Monsters' Lament


art by Salli Shepherd



Jenny Greenteeth sighs
brackish bubbles, rippling the algae
nimbus of her hair. She's leaner
than in days when twiggy fingers
more often snatched at flailing limbs,
when arms would clasp
the wriggling strays until they slept.
Now her pond-bed gasps with Koi,
and all she cradles
is an empty swell of rains.

Rawhead-and-Bloody-Bones
scratches cracked claws down
his scabby ribs; gates have sprouted
metal teeth, and yards are stalked
at night by crop-eared beasts
with jaws that put his own
to shame.

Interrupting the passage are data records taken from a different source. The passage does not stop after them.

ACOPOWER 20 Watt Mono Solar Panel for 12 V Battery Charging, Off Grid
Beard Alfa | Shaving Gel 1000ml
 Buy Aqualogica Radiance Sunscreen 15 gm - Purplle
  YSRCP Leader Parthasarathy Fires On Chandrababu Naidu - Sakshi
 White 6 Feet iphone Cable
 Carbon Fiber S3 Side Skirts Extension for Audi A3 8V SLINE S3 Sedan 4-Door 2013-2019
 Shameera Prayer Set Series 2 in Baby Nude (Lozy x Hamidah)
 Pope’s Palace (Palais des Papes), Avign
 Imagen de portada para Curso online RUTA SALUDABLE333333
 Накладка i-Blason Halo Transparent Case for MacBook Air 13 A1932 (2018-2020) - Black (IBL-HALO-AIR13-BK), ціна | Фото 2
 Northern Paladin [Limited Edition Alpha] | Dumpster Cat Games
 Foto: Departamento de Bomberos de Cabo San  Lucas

Flourescent lighting
makes his nose bleed, whores
and babies alike preserved
behind its glaring rails.

Boogey Man wibbles his fingers
through duckweed, murmurs sympathy:
parents now tell sugared fictions
in which Darkness ever fails
against the Light, the hope
their children never know
a killer's smile or alley-trap,
the snap of toddlers breaking
in their hands.

The moon pales, sulks behind clouds.
Jenny sinks below pond-scum.
Boogey fishes brittle treats
from his pocket for the restless Bones.
Perhaps tonight they'll catch
an ankle, wrack a fugue-dream,
resurrect the notion of fear itself
as prophylactic, the comfort
of knowing something is still out there,
looming in the dark.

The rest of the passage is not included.